Treating Hypertension with the 2017 Guidelines in Mind

“The most important condition most of you will ever treat.” These are the words that Karol E. Watson, MD, PhD, used to introduce the topic of hypertension during her presentation at Pri-Med Southwest in Houston. “It is the difference between a major cardiovascular event, or even mortality, in many of your patients,” Dr. Watson continued.

An attending cardiologist and professor of Medicine/Cardiology at the David Geffen School of Medicine at UCLA, Dr. Watson spoke for 30 minutes on wide-ranging topics related to hypertension, but chose to focus at the outset on the 2017 ACC/AHA Hypertension Guidelines and how the revised recommendations incorporated there should be applied in clinical practice.

“The big headline on the new Guidelines is that we have recategorized blood pressure,” Dr. Watson said. “Where previously high blood pressure was 140/90 or greater, the new guidelines state that Stage 1 hypertension begins at systolic BP of 130-139 mmHG or diastolic BP of 80-89 mmHG.”

Dr. Watson noted that these standards are meant to apply to all patients, regardless of their co-morbidities, including kidney failure and diabetes. And, the new standards have significant meaning for clinicians.

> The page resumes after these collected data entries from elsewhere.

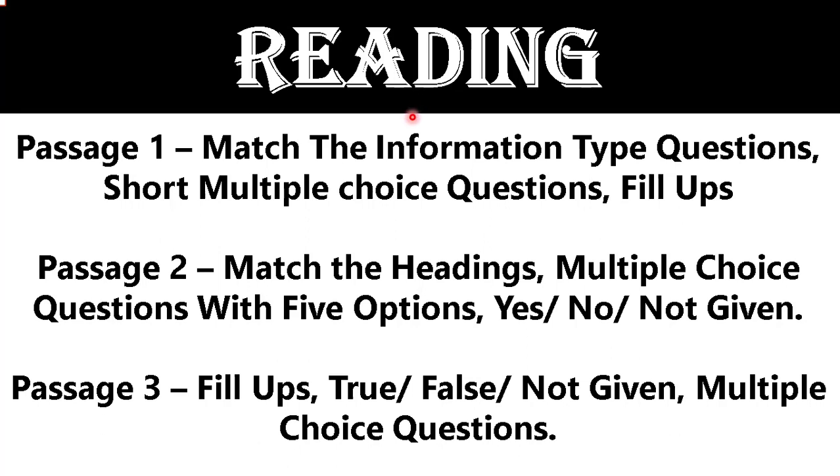Now let's talk about our reading module. For reading passage one, there are three types of questions that are most crucial: first, match the information type questions; second, short multiple choice questions; and third, fill-ups.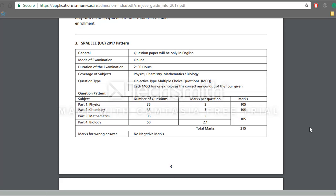For PCM students, the questions will be from physics, chemistry, and mathematics. There will be 35 questions each and each question will be awarded 3 marks, so the total will be 105 marks. If you are in the biology stream, you will be given 50 questions from biology and you will be awarded 2.1 marks for each correct response.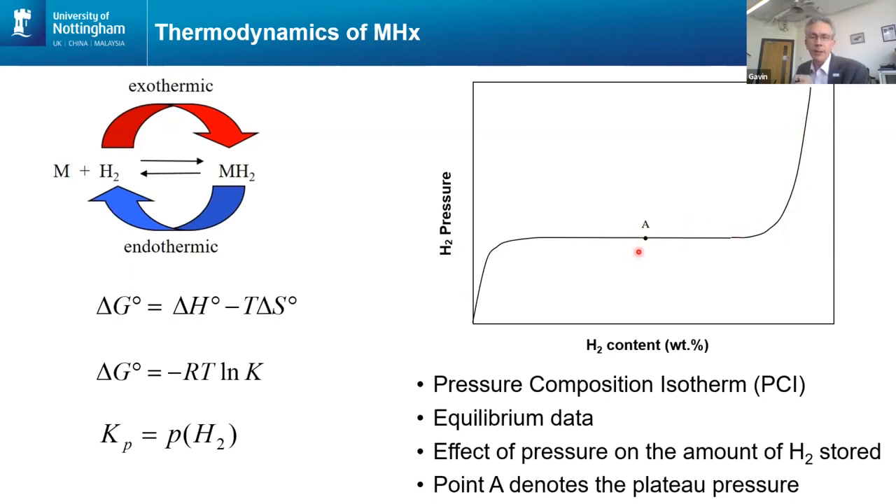That plateau pressure becomes important when we're looking at the operation of a metal hydride as a hydrogen store on board a vehicle, because this is the pressure at which the metal hydride is going to be delivering hydrogen to the fuel cell. So if the fuel cell needs hydrogen at four bar, we need to make sure that this plateau pressure is at or above four bar, so that we are delivering the majority of the hydrogen at the pressure required. Once you start to drop down this knee, you're going to get to a point where you no longer have enough pressure in your vessel to supply hydrogen to the fuel cell.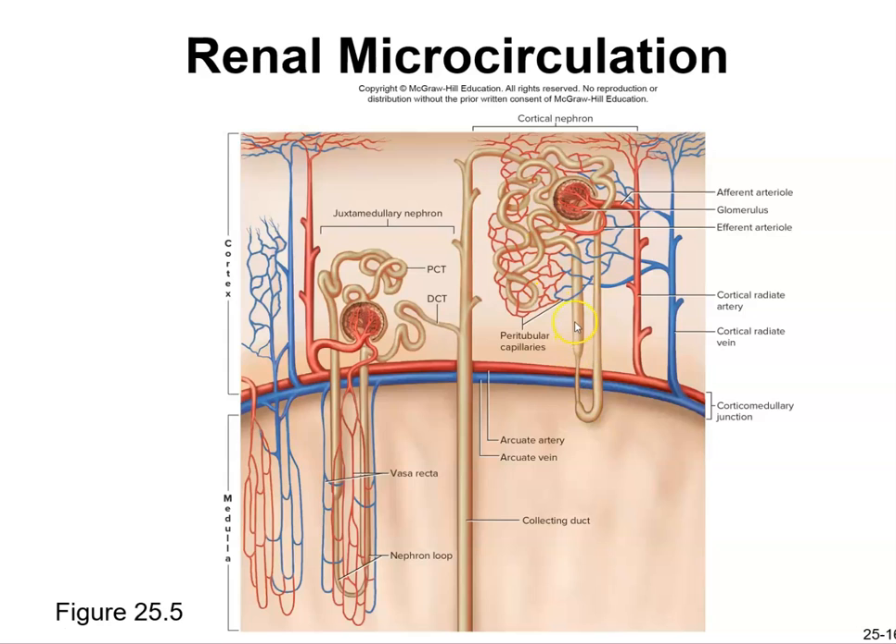Diuretics work at the ascending loop of Henle by holding on to sodium. Since water is attracted to sodium, more sodium in the loop means more water stays in the tubule and gets excreted as urine. Loop diuretics work specifically at this site. By the time the filtrate reaches the collecting duct, it's essentially urine — but the kidneys are stingy and try to recover everything they can before final excretion.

“If everyone’s goal is 130, that means a lot of new patients are being diagnosed with hypertension,” Dr. Watson said. “It’s about half of the U.S. population.” The previously existing standards identified about a third of the U.S. population as being hypertensive.

“Elevated” Is Important, Too

Dr. Watson asked her audience to also pay attention to blood pressure readings that are pre-hypertensive, those now described as “elevated” in the new Guidelines— having systolic pressure between 120 and 129 and diastolic over 80.

“Think about it,” she said. “How many of your patients come in with numbers like that? Pretty much everyone.”

“If I see a healthy woman, 25 years of age, with a blood pressure of 122/82, that’s good, right?” It’s okay for the time being, but does not bode well for the future,” Dr. Watson said.

“In the Framingham cohort study, they took people who eventually developed hypertension and looked at their trajectory from a few years before,” she said. “They saw that, regardless of age, as soon as you hit a systolic BP of about 120, there is a rapid rise into hypertension. So if you get to a systolic BP of 120, it’s not like you’re doing great. You have to pay attention to these patients, because if you do nothing, you probably will have hypertension in a few years.”

Why 130 mmHG?

Wondering how the Guidelines committee arrived at 130 SBP as the starting point for hypertension? The committee relied largely on the results of the SPRINT trial, the first randomized, controlled trial demonstrating that an SBP goal of <120 mmHg can deliver cardiovascular benefits in patients beyond those achieved when BP is reduced to merely <140 mmHg.

But, is such an aggressive goal realistic, or even safe, for everyone?

“What if you’re really old? Over 75?,” Dr. Watson said. “In fact, in SPRINT, when they looked at the study sub population over age 75, they saw an even greater relative risk reduction in the primary outcome, and an even greater total mortality reduction.” As for the most frail individuals, they saw the greatest benefit.

Treating Elevated BP and Stage 1 Hypertension

If a patient’s SBP is between 120 and 129, you start applying non-pharmacologic strategies for reducing BP, and check in again in 3 to 6 months, Dr. Watson said. Such nonpharmacologic treatments have been part of the guidelines “for decades,” Dr. Watson noted, going on to list them:

“Weight loss, whether the patient is overweight or not. A low-sodium diet. Exercise—and isometric exercise turns out to be the most beneficial. Alcohol reduction—definitely not more than 1 to 2 drinks per day. And potassium repletion.”

A Word to the Wise

Concluding her presentation, Dr. Watson advised her audience with these final words:

“Even if you get to age 65 with stone cold normal blood pressure, remember that virtually everyone develops hypertension. So, whether you have it now or not, you probably will get it, and that’s something we should all know and prepare for.”